Revenu d’exil en 1990, après la chute du communisme, Ion Raţiu a compté parmi les personnalités qui ont reconstruit le Parti National Paysan Chrétien et Démocrate (PNTCD) et ont œuvré pour refaire le climat démocratique en Roumanie.

Ion Raţiu – milliant pour la démocratie dans l’exil
Ion Raţiu – milliant pour la démocratie dans l’exil

, 04.09.2017, 13:00

Revenu d’exil en 1990, après la chute du communisme, Ion Raţiu a compté parmi les personnalités qui ont reconstruit le Parti National Paysan Chrétien et Démocrate (PNTCD) et ont œuvré pour refaire le climat démocratique en Roumanie.

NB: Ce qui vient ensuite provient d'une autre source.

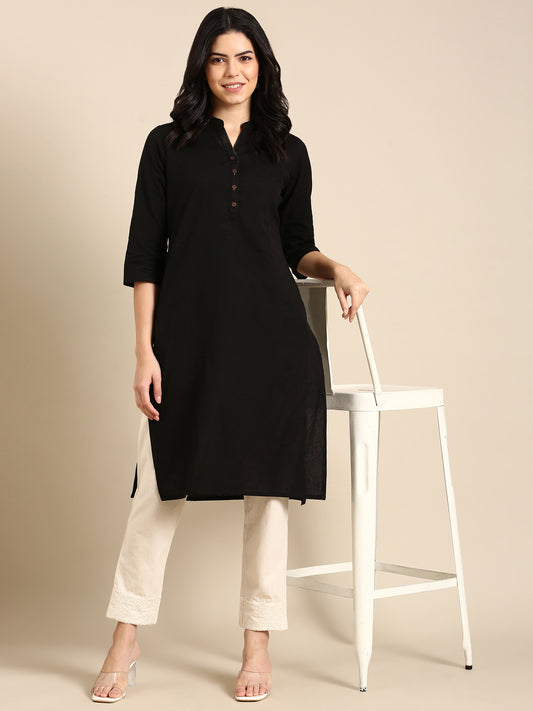 Diksha Classic Cream Pants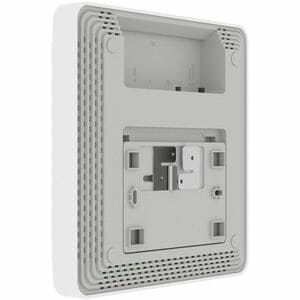 Keenetic Orbiter Pro KN-2810 wifi 5  Roteador sem fio - Dual Band - 2,40 GHz Banda ISM - 5 GHz Banda UNII - 108,38 MB/s Ve
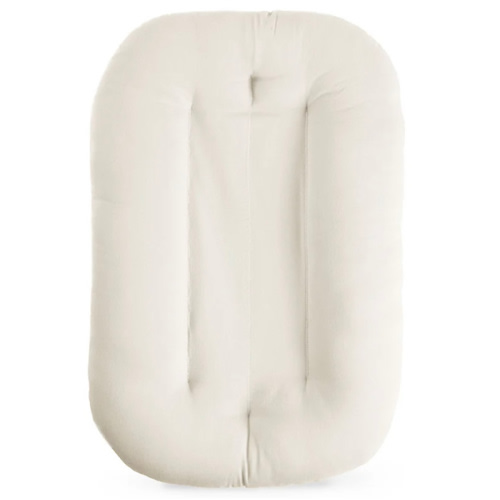 Infant Lounger | Natural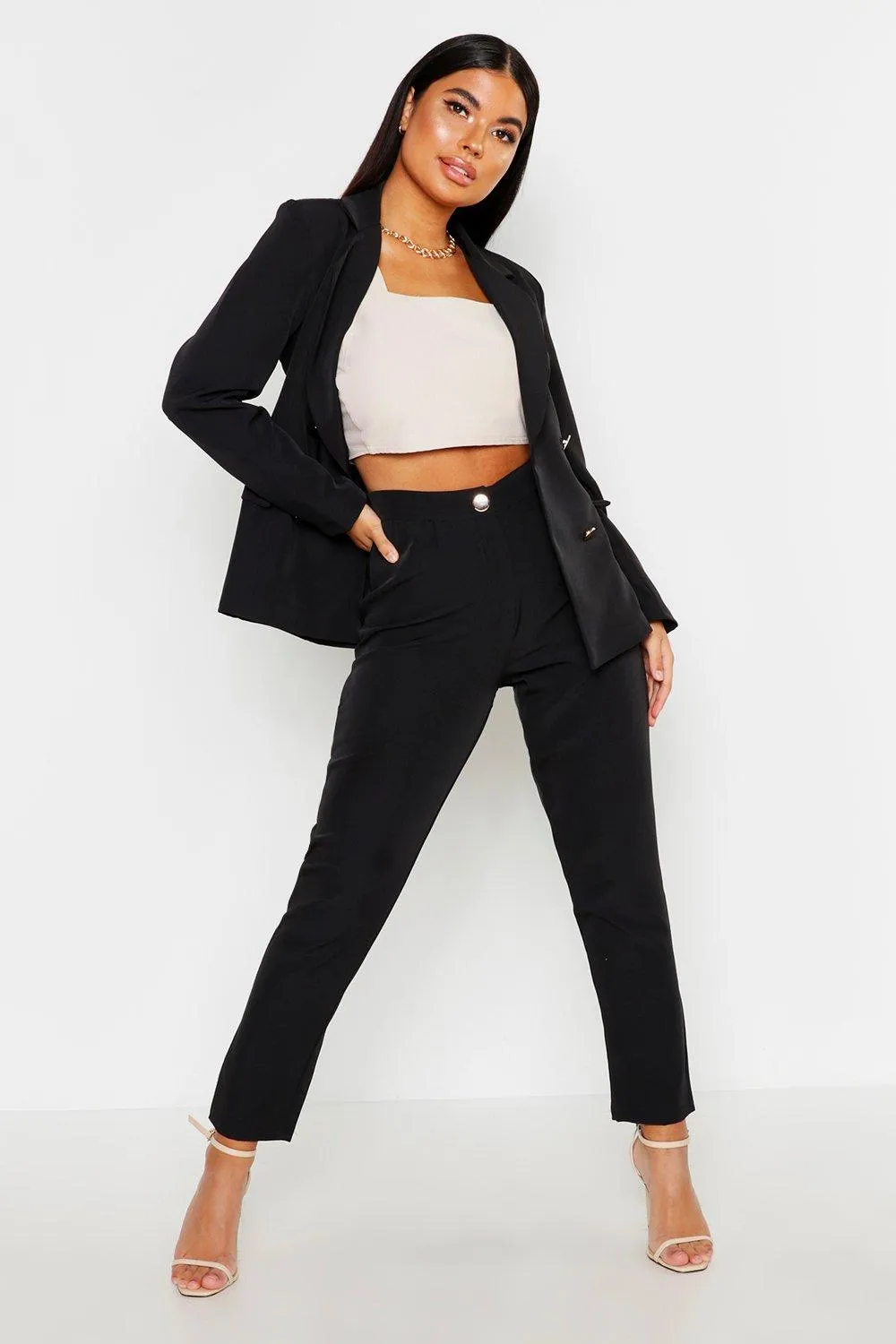 Petite Dress Pants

Ion Raţiu est né le 6 juin 1917 à Turda, dans l’ouest du pays, dans une famille d’intellectuels roumains qui ont lutté pour les droits nationaux des Roumains dans l’Empire des Habsbourg et d’Autriche-Hongrie. Il a étudié le droit à Cluj et l’économie à Cambridge et il a été un militant du Parti National Paysan. En 1940 il entre au ministère des Affaires Etrangères comme diplomate et il est envoyé tout de suite à Londres, en février 1940. Après l’occupation nazie de la France, principal allié de la Roumanie, Ion Raţiu continue à travailler à la légation roumaine de Londres jusqu’en septembre 1940, lorsque le général Antonescu et le mouvement d’extrême-droite « la Garde de Fer » accèdent au pouvoir à Bucarest. Anglophile et francophile, Raţiu refuse d’accepter que la Roumanie ait rejoint la coalition dirigée par l’Allemagne nazie.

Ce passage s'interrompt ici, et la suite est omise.